Melinda begins a new relationship with a local pianist, Charley De Lisle. One night, at a party held in the home of their neighbors, the Cowans, Vic and Charley find themselves alone in the backyard swimming pool. Impulsively, Vic drowns Charley, leaves the pool, and feigns surprise when Charley's body is discovered. His death is attributed to a cramp, although Melinda is immediately suspicious of her husband.

The townsfolk begin to move on from the event, although some, particularly Don Wilson, a local pulp writer, begin to suspect Vic of foul play. Melinda demands Vic admit his guilt and accuses him in front of their friends, but Vic is undaunted, finding a sense of superiority in having gotten away with the crime. A newcomer to Little Wesley, Harold Carpenter, claims to be a psychiatrist at the local asylum. Vic deduces that he is really a private detective hired by Don and Melinda. Vic confronts him, and Carpenter leaves town, unable to incriminate Vic.

Melinda takes up with another lover, a surveyor from New York named Tony Cameron. Vic privately offers Melinda a divorce and she finally accepts, saying that Tony has offered to take her to his next assignment in Mexico. After a night in which Tony rudely insinuates himself into their home and embarrassing him in front of an author whose book Vic's small press is publishing, Vic runs into Tony in town and offers him a lift. Vic drives Tony to a quarry where he kills him and disposes of his body in the reservoir.

An investigation is opened into Tony's sudden disappearance. Many of the neighbors refuse to cooperate due to Vic's good standing, Melinda's antisocial behavior, and the police's theory that Tony and Melinda were planning to run away together. Vic escapes apprehension once more and, to his surprise and suspicion, finds Melinda more courteous, even loving, toward him, as though she wishes for them to start over again.

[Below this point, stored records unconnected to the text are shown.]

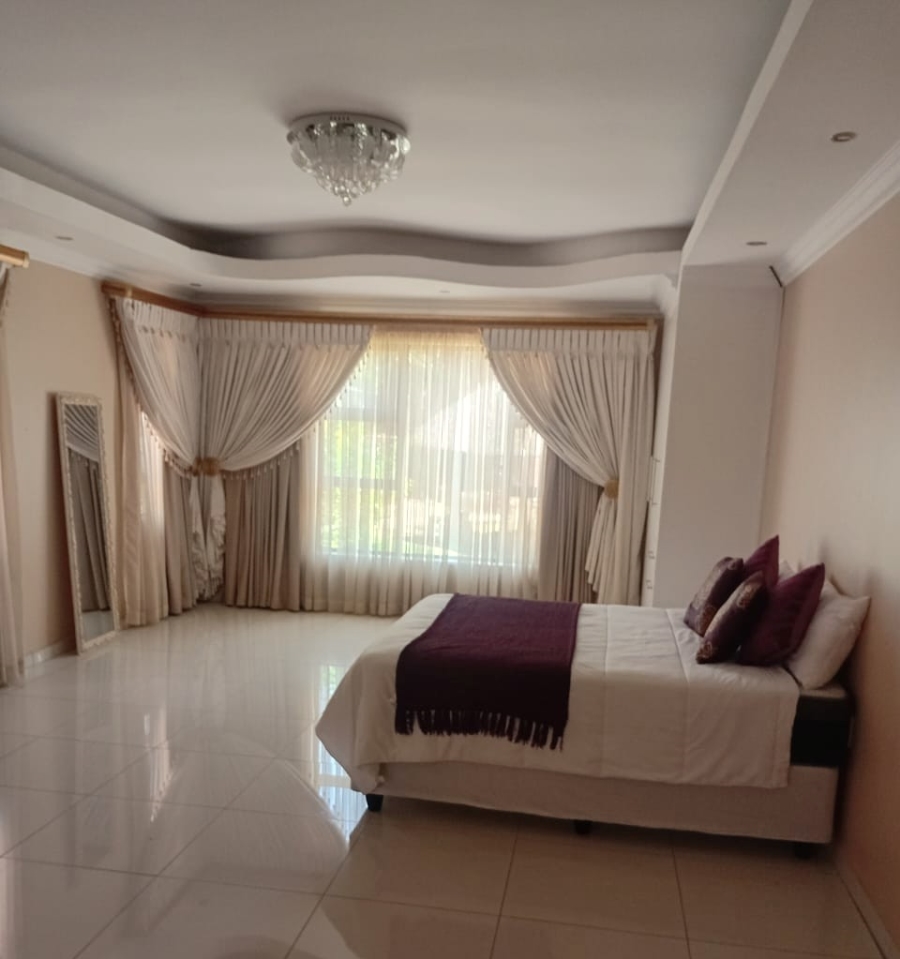 6 Bedroom Property for Sale in Bendor Limpopo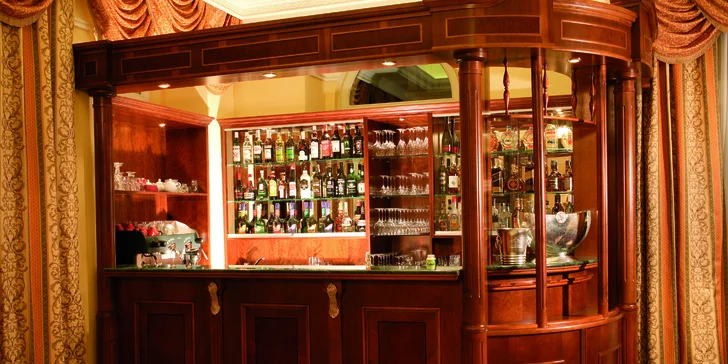4* relax v Karlových Varoch: raňajky či polpenzia, wellness aj procedúry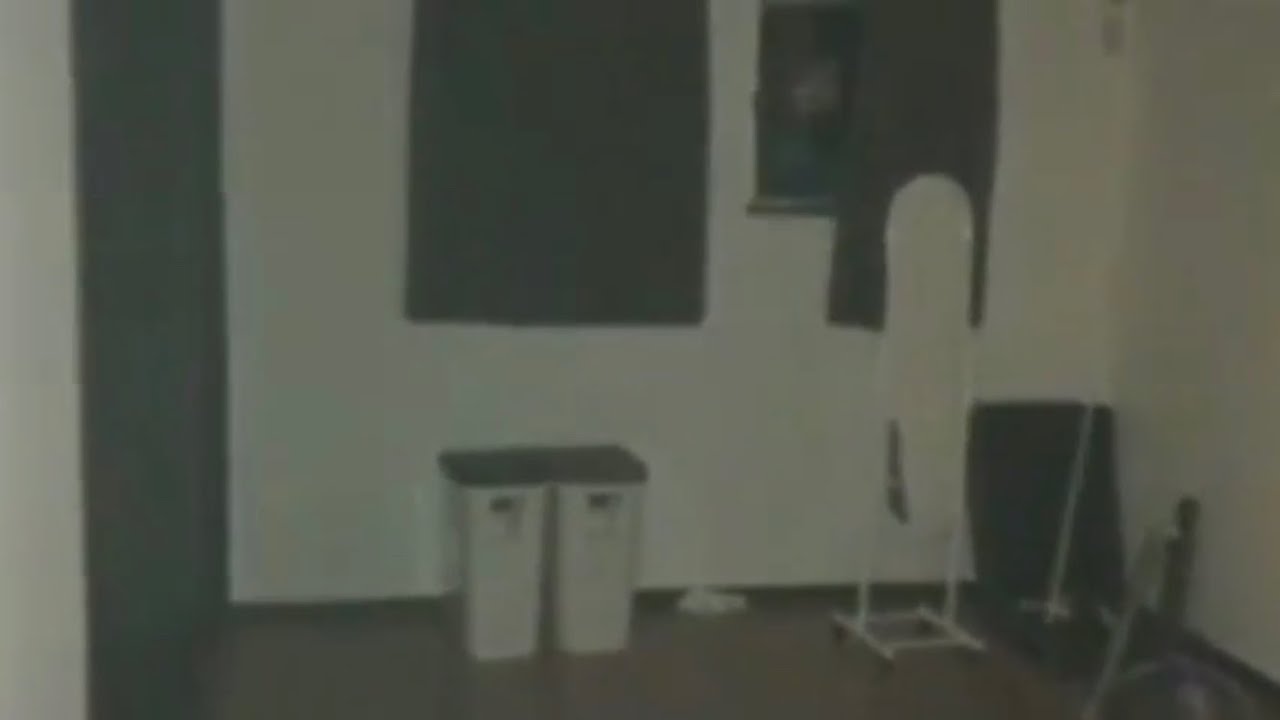 [ 心霊 閲覧注意 ] びびり オーブ   ガチでいます 白い影   貴方は住めますか？ - YouTube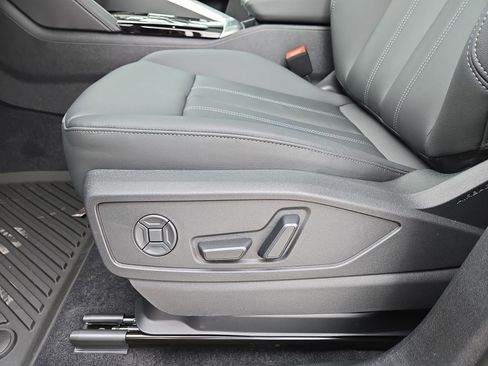 New 2026 Audi Q5 Premium Plus AWD/4WD image 17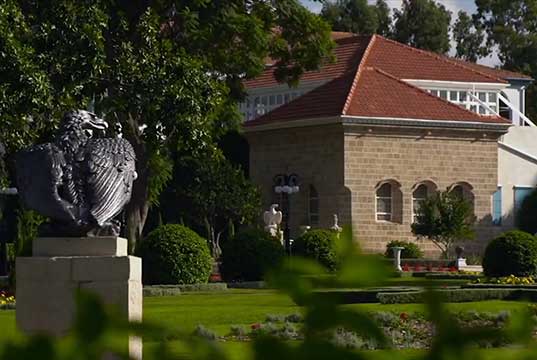 ریشه‌های آئین بهائی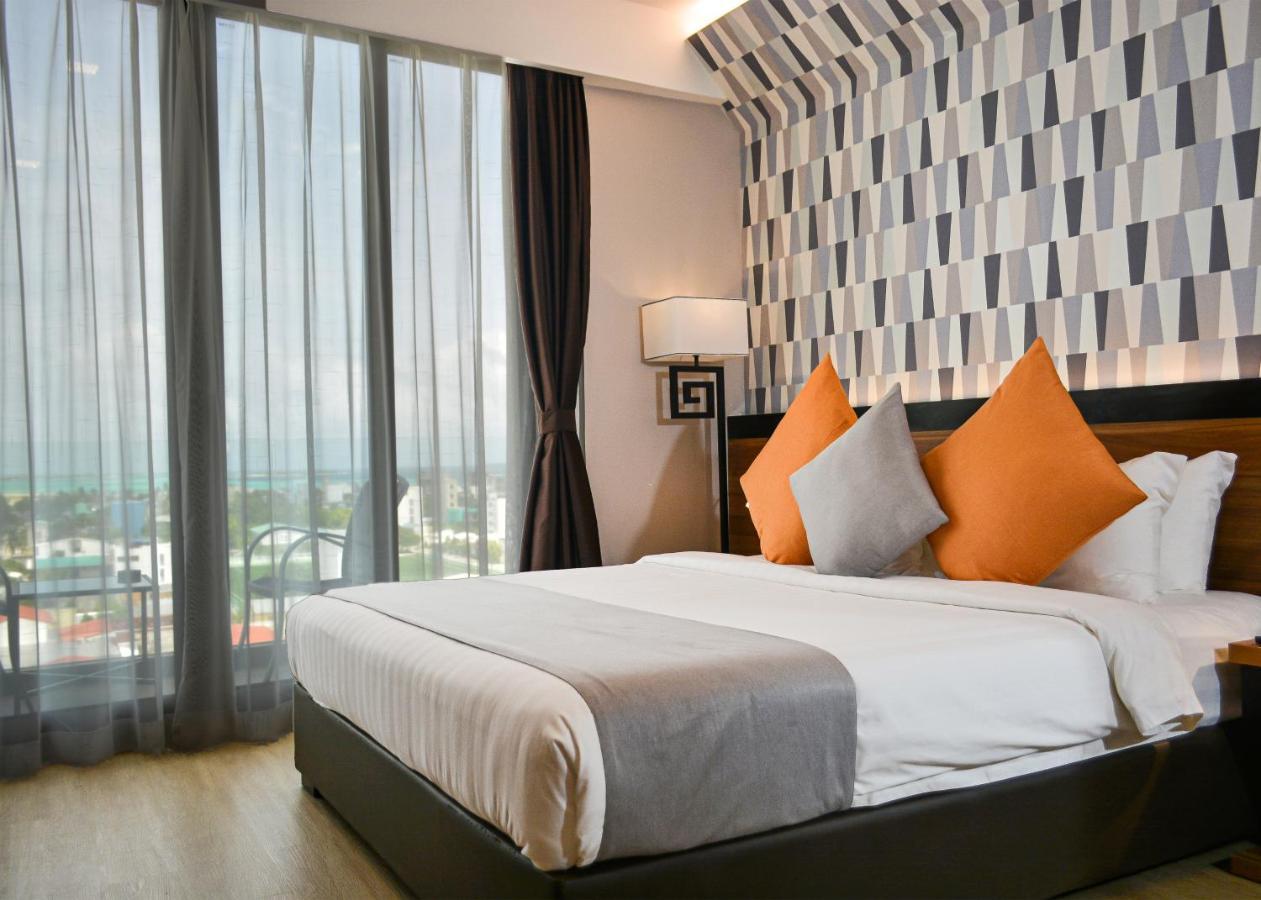 Triton Prestige Seaview And Spa Maafushi Dış mekan fotoğraf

When she attempts to use this new openness to draw Vic into confessing to the murders of Charley and Tony, Vic is sure it is a last-ditch ruse concocted by Melinda and Don.

Melinda finally implements a plan to bring Vic and Don to the quarry at the same time, where Don sees Vic looking at bloodstains left during the murder and looking into the reservoir to ensure Tony's body has not resurfaced. Vic knows, as the two of them leave, that Don will go directly to the police. Vic returns home, and in a sudden rage, strangles Melinda to death. At that moment, Don arrives with a policeman and Vic is led away.

==Reception==
Anthony Boucher, reviewing the novel in The New York Times, praised Highsmith's "coming of age as a novelist", and noted that Deep Water was "incomparably stronger in subtlety and depth of characterization" than her first novel, Strangers on a Train.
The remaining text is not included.